Wspólne kolędowanie z Marcinem Wyrostkiem i jego gośćmi na Wesołej przyciąga tłumy, co nie jest zaskoczeniem. Blask dziesiątek betlejemskich gwiazd, dźwięki kolęd i charyzmatyczni artyści, to wszystko tworzy wspaniałą świąteczną atmosferę. W tym roku będziemy kolędować z Kayah.
Najbliższe kolędowanie w dzielnicy Wesoła zaplanowane jest na 5 stycznia od godziny 16. Całość rozpocznie się na rynku w Wesołej, następnie kolędnicy przejdą do kościoła Matki Bożej Fatimskiej.
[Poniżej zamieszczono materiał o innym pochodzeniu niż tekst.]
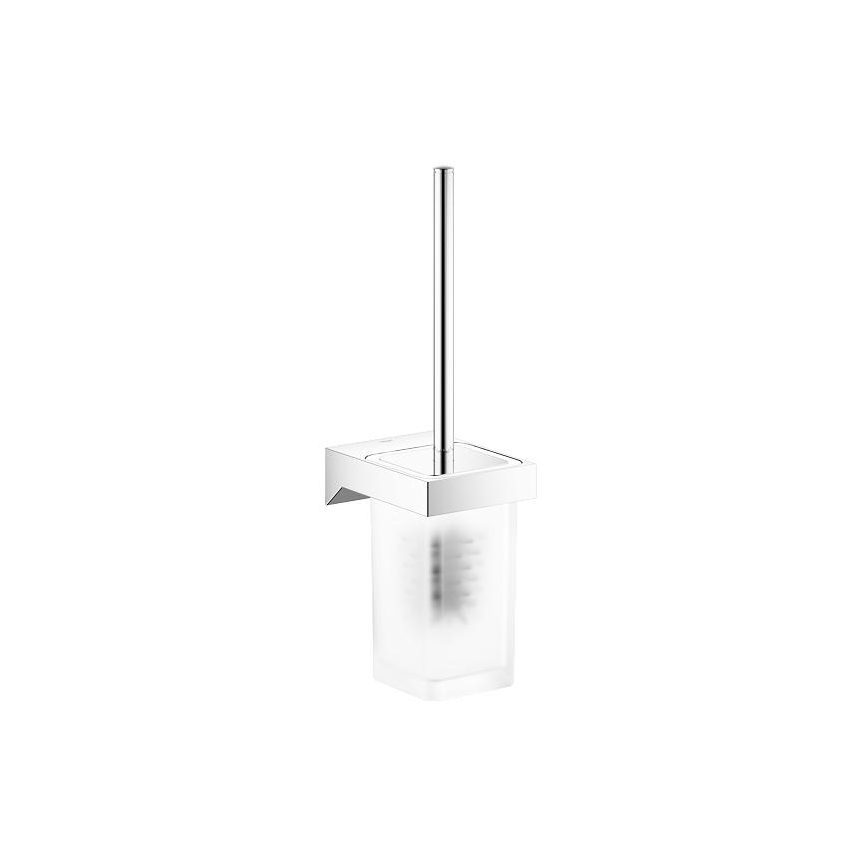 GROHE 40857000 - Set za čišćenje WC-a SELECTION CUBE, polirani krom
– Kolędujemy tutaj około godzinki. Po 17 pomalutku ruszymy z orszakiem, będziemy szli do kościoła, i o godzinie 18 jest koncert w naszej parafii w Wesołej. Będzie klimatycznie, nastrojowo. Będzie tak świątecznie, rodzinnie. I o to chodzi, żeby te rodziny się wszystkie tutaj spotkały, żebyśmy my się osobiście spotkali. Żeby był ten taki nastrój świąteczno-noworoczny, który ja pamiętam z dzieciństwa – mówi Marcin Wyrostek, organizator wydarzenia.
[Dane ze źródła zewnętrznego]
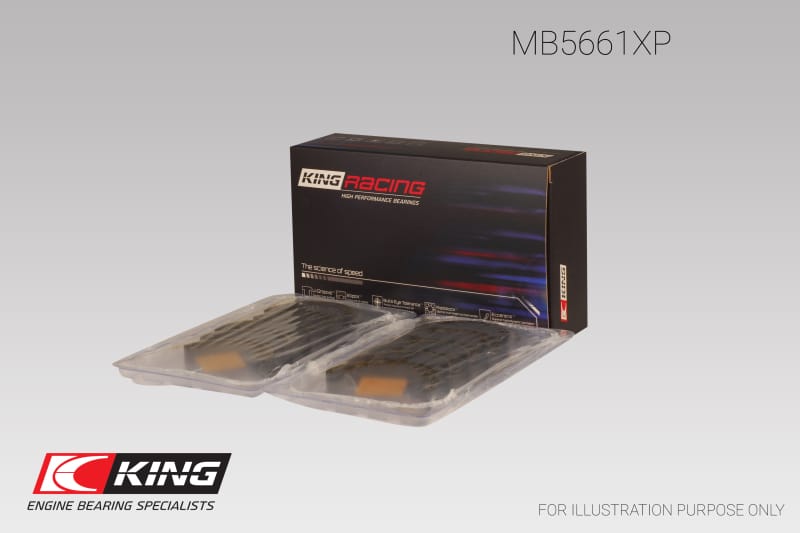 King Engine Bearings — King Engine Bearings Audi/VW ADZ/ AWT/ APK/ BHP/ BPY/ AKS (Size STDX) Main Bearing Set
Engine Bearing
Kolędowanie, które rozpoczęło się dość spontanicznie w 2023 roku, okazało się dużym sukcesem. Z roku na rok uczestników przybywa coraz więcej.
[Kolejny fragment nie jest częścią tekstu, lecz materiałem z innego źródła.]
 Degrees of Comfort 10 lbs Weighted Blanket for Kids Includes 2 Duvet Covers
– To jest taka też akcja, łączą się siły mieszkańców, bo to jest nasza taka oddolna inicjatywa. Łączymy się w ten sposób, żeby to mogło powstać, żeby coś fajnego, wesołego się zadziało. To jest bardzo budujące, jak tyle osób się w to angażuje. Szkoła podstawowa czternastka, piętnastka, Larysz, laryszoki. To dzieciaki będą występowały, w szkołach się składają gwiazdy – dodaje Wyrostek.
Gościem specjalnym w tym roku będzie ikona muzyki popularnej.
– Będzie Kayah, pomagamy Hospicjum Cordis, będzie mnóstwo wolontariuszy, mnóstwo ludzi, którzy chcą czynić dobro i to jest najważniejsze. My z Kasią mamy taki fajny kontakt od wielu, wielu lat. Mnóstwo koncertów za nami, więc ja wiem, że będzie fajnie. Będzie klimatycznie, nastrojowo. Będzie tak świątecznie, rodzinnie – dodaje.
Choć samo wydarzenie to przede wszystkim efekt pracy wielu wolontariuszy, koszty jego organizacji są spore. Inicjatywę można wesprzeć na zrzutka.pl.
– Myślę, że to jest taki jakiś malutki, symboliczny gest, taki może nieformalny, jakiś bilet wstępu, jakby każdy mógł wpłacić te dwa, dziesięć, pięć złotych, to nam bardzo dużo pomoże, żeby to wszystko zrealizować. Bo są podesty, nagłośnienie, ekipy techniczne, które to wszystko koordynują, więc będzie to dla nas taka bardzo duża pomoc i taki fajny feedback, że wiemy, że jesteśmy razem w tym wszystkim – mówi.
Link do zrzutki znajdziecie tutaj. Nikogo, kto już uczestniczył w tym wydarzeniu, nie trzeba chyba przekonywać, że warto. Spotkajmy się więc 5 stycznia, by razem pokolędować i wesprzeć Hospicjum Cordis.